I remember the way I shrunk into the couch, the blood red carpet—I remember the blood red carpet, soaking up the shame that oozed out of me, slick & afraid. When he looked at me like that, I thought— he knows. He knows how bad I am; I’ve been found out. I wanted to disappear, I wanted to die; I felt myself shriveling up under hangnail moons & blister stars; I wanted to die.
The blood red carpet. Everything in his house, red–& the dead deer he skinned, & the dead pheasant he carried through the house while I cried—I cried because it was so beautiful, & he had killed it; he would take its heart out. He would eat it.
I remember the dark. The pitch of it. The way it curled its thousand hands around me & dug for my plush organs; the way it put its mouth over mine—pretending to be soft. But it was too hungry. It was wet, slimy—like an earthworm wriggling over my lips & digging inside—in the soil of my throat.
I remember losing my way. In the dark. In the blackest hours, when even the nightbirds are coiled in their nests. Back from the bathroom. I was paralyzed by fear. As if something awful had just happened; as if something awful would happen again; & how could I return to my bed; how could I ever be okay again? & I felt so confused—my bare feet over the cold floor; I remember the thick shadows falling over me like one million malificent shrouds smothering me & blinding my eyes in their hallowed out sockets.
Heart beating.
Heart beating.
When have I ever been so scared.
Except the last time, & the last time. & all the other times I don’t remember, & I don’t remember, & I don’t remember, & I don’t remember.

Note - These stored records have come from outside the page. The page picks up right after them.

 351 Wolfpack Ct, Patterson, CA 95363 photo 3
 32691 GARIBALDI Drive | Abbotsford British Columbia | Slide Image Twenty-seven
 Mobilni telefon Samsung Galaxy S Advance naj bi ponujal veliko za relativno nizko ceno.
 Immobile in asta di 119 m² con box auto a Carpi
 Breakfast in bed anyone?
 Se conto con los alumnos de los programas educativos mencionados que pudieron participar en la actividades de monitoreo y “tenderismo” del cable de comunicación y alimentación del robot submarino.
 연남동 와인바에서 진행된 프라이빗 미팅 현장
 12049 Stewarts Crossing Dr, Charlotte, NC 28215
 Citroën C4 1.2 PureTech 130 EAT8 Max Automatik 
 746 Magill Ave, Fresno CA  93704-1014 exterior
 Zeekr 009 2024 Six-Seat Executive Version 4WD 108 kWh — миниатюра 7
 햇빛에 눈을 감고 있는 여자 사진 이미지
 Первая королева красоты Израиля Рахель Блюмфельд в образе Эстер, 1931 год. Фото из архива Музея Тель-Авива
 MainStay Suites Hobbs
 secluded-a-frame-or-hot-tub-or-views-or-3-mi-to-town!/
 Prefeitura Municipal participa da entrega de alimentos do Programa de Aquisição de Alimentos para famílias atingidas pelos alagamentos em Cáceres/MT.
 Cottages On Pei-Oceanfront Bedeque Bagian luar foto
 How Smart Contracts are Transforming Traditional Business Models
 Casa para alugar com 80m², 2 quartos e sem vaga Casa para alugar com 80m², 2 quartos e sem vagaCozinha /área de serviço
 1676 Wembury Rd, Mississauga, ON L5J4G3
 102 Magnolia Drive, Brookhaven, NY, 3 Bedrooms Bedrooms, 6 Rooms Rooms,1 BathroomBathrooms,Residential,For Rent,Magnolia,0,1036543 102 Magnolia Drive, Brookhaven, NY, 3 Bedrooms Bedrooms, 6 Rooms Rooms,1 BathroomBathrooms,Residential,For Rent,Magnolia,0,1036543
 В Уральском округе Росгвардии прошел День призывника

I am growing breasts; they are brand new—I am naked. I am under a hot stream of water—I am all nerves, & newness, because he is always coming in the bathroom; he is peeking his head over the top of the shower; he is watching my new body, he is pretending it is an accident.
He is coming over to me after family prayers, after we have asked God to be with us; to keep us safe— to protect us. He puts his arms around me, over me; he holds me tight, he holds me too tight; his hands snake down & down. I feel smothered, I feel ashamed, ashamed; I feel smothered. He touches me this way in front of everyone.
He kisses me in the morning, my new breasts peaking out against the thin fabric of my nightshirt. This is something I remember just now, as I write this story. I remember it with a shock. The shirt is red, my legs are bare. We are in the work room, with the ugly, bare floors—the ugly ceiling with its cloistered eyes watching. He kisses me on the lips—he tries to brush it off, like it’s nothing; an accident. I am confused, & in my confusion, my brain flips the switch to forgetting.
When he puts me on the horse, when he helps me up—he puts his hand on my vagina. This is something I don’t remember at all; this is something he tells my mom he did; something I’ve surely misinterpreted, he says.
He takes me to work. I remember this. He has famished colleagues. He has taken my Aunt to work before. They have passed her around the room, & each had their way with her. Hurt her, raped her. My grandpa has sold her for money.
This is something not many in the family believe. They find her an hysteric sort; damaged.
But I believe her.
Because he took me to work, too.
He shows me off. I am smiling, happy; so giddy—because everyone is praising me; everyone thinks I am such a smart little girl. But they are only buttering me up in their hunger; praising me: smart girl…
& then…everything goes black. Everything is a blank. Everything shuts down in the screen of my mind, on the surfaces of my body. Later—I have a vague memory—a discombobulated thing—I’m crouching on the floor of his truck…afterwards…confused…frightened…& he’s offering me a treat. A reward. A bribe in exchange for being mum.
There is a shrieking—a darkness, & I am being disemboweled from the very pit of my spirit, where I should have most been guaranteed safety, but no.
He is peering at me with his eyes; he is delving into me. I am so confused.
He knows what a bad girl I am.
I have been found out, I have been found out; no—
I change the story—I have found him out; I change the story—I resurrect the dark into a million bright suns that will lash him into hell with the strength of my newfound joy & my hope.
I have found him out; I have found him out.
It is his shame, not mine; it is not my shame— & this is my voice; this is what I remember.